October 31, 1990
Economic activity in the Third District was generally sluggish in mid-October, with further weakening in manufacturing and retail trade and mixed reports from the banking sector. Manufacturing activity in the region continued to fall in October, and reports of slower business were more widespread than they were a month ago. Area firms noted declines in orders and shipments and said they were trimming employment. Retailers generally said sales were weaker than they had expected for the fall. Most reported sales running at or below year-ago levels, in dollar terms. Large Third District banks have been posting very slight gains in loan volume, overall, during the past six weeks. Most of the growth has been in consumer lending, including home equity loans, while commercial and industrial loan volume continued to fall.
Third District business contacts express concern that the regional economy could weaken further. Manufacturers expect business to drop further over the winter. They generally intend to hold capital spending to a steady rate over the next six months, and they plan more cuts in employment. Retailers are growing more cautious in their outlook. They hope to match the dollar sales level reached in the final quarter of last year, but they expect profits to suffer if extensive discounting is required to achieve this. Bankers anticipate slackening loan demand in all credit categories until the economy regains strength and they foresee only a modest rebound in lending even with a renewed business expansion.
Manufacturing
Manufacturers in the Third District continued to report
deteriorating business in October. Over half of the firms contacted
indicated that activity at their plants in the region was slowing,
and weakness was noted in every major industry in the region with
the exception of stone, clay, and glass products. Area firms
generally were experiencing a downtrend in both new orders and
shipments, and the declines were more widespread in October than
they were a month ago. In tandem with the drop in shipments,
reductions in inventories reported by area firms indicated a slowing
pace of output. Falling production activity was also reflected in
deteriorating employment measures; virtually none of the firms
polled was adding workers, and more than a third of the companies
surveyed were scaling back working hours.

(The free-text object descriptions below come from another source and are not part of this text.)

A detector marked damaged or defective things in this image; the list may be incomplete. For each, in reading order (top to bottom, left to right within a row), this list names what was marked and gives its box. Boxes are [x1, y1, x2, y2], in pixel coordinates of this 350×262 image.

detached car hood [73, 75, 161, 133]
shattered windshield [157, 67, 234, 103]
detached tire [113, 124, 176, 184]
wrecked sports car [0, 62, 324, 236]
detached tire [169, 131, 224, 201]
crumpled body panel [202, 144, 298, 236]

The outlook for the next six months among surveyed manufacturers remains pessimistic, on balance. About a third of the local plant managers surveyed expect a turn for the better but nearly half anticipate further weakening in the industrial sector. The consensus forecast is that the slowing trend in new orders and shipments will continue over the winter. With the declining pace of business, area firms expect to work down both order backlogs and inventories further between now and next spring. They also plan more cuts in employment. In line with their cautious outlook, area manufacturers said they will hold capital spending to a steady rate over the next six months, on balance.
Retail
Third District retailers contacted in mid-October overwhelmingly
indicated that the pace of sales was below their expectations. Most
said that sales for the past six weeks were flat or below the year-
ago period, in current dollars. The usual fall upturn in sales has
not materialized, according to merchants, and while some attributed
this to unseasonably warm weather in recent weeks, the slow sales
rate has affected all types of goods-not just seasonal merchandise-
and all types of stores in the Third District.

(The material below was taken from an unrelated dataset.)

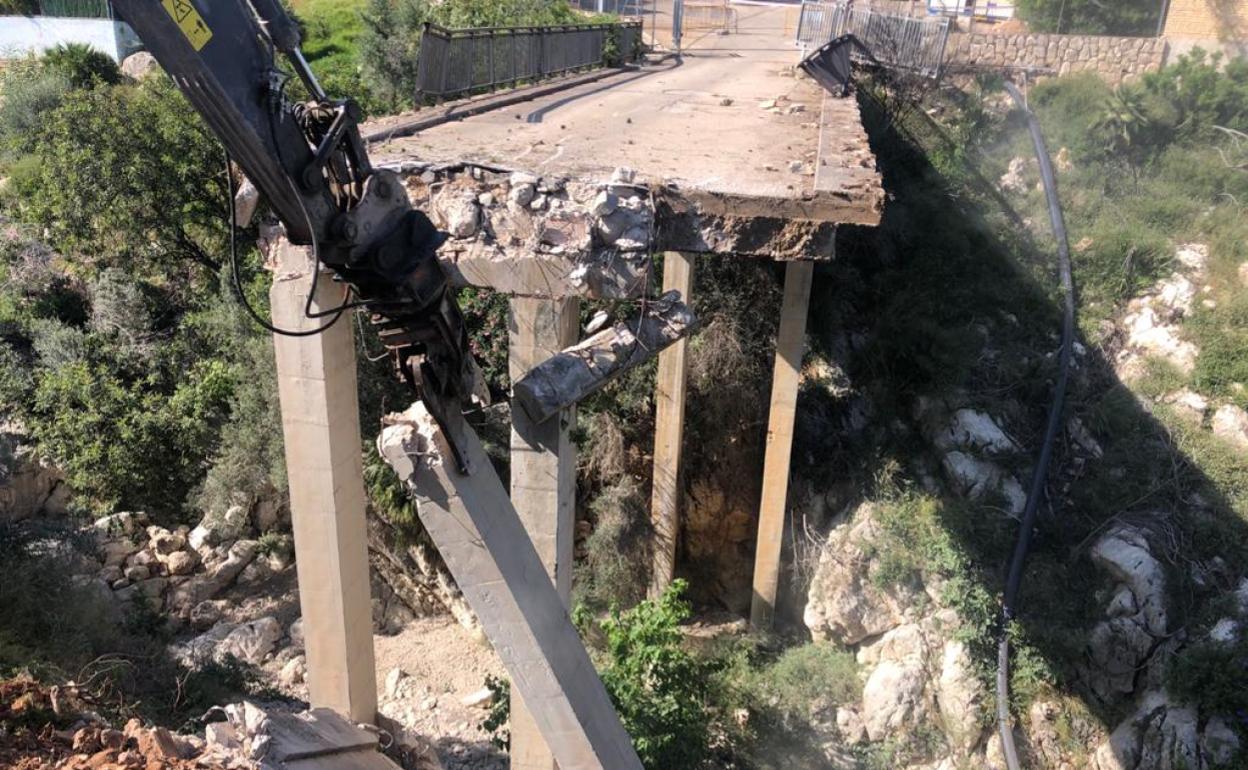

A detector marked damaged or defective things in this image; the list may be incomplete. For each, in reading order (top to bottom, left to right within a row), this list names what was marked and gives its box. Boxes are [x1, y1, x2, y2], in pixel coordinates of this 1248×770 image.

Merchants are becoming apprehensive about sales for the rest of the year. They hope to match the 1989 final quarter, in dollar terms, but say that if price markdowns are necessary to do this their profits will drop significantly. Store officials generally said they are satisfied with inventories, but stocks could prove excessive if sales decline further. One merchant noted that vendors are becoming more reluctant to ship under the usual credit terms in light of generally poor retail sales prospects and the continuing financial difficulties of certain major stores.
Finance
Total loan volume outstanding at major Third District banks barely
increased in September after slipping in July and August, and while
lending continued to gain slightly in early October, area bankers
said they did not believe a sustained pickup in loan demand was
getting underway. Most of the recent growth has been in consumer
loans; bankers contacted in mid-October said credit card and other
personal installment lending was moving up slowly but steadily,
although auto loans were dropping fairly sharply as a result of both
falling demand and tightened credit standards. Real estate lending
was also moving up, and bank loan officers indicated that a
substantial portion of the increase was the result of recent home
equity loan promotions. Also, some banks were taking residential
mortgage loans onto their own books as opposed to placing them with
their mortgage company affiliates. Commercial and industrial loan
volume in mid-October was still on the downward trend that began
during the summer. Bankers generally noted weak demand for credit by
businesses and some said their outstandings were reduced by recent
charge-offs.
Looking ahead, Third District bankers expect a falloff in loan demand until the economy regains strength. They anticipate drops in all categories of credit until business and consumer spending picks up. Some bankers believe that even with an economic upturn, lending, especially to businesses, will grow only slowly, due to heightened concerns for credit quality and moves by banks generally to improve capital ratios.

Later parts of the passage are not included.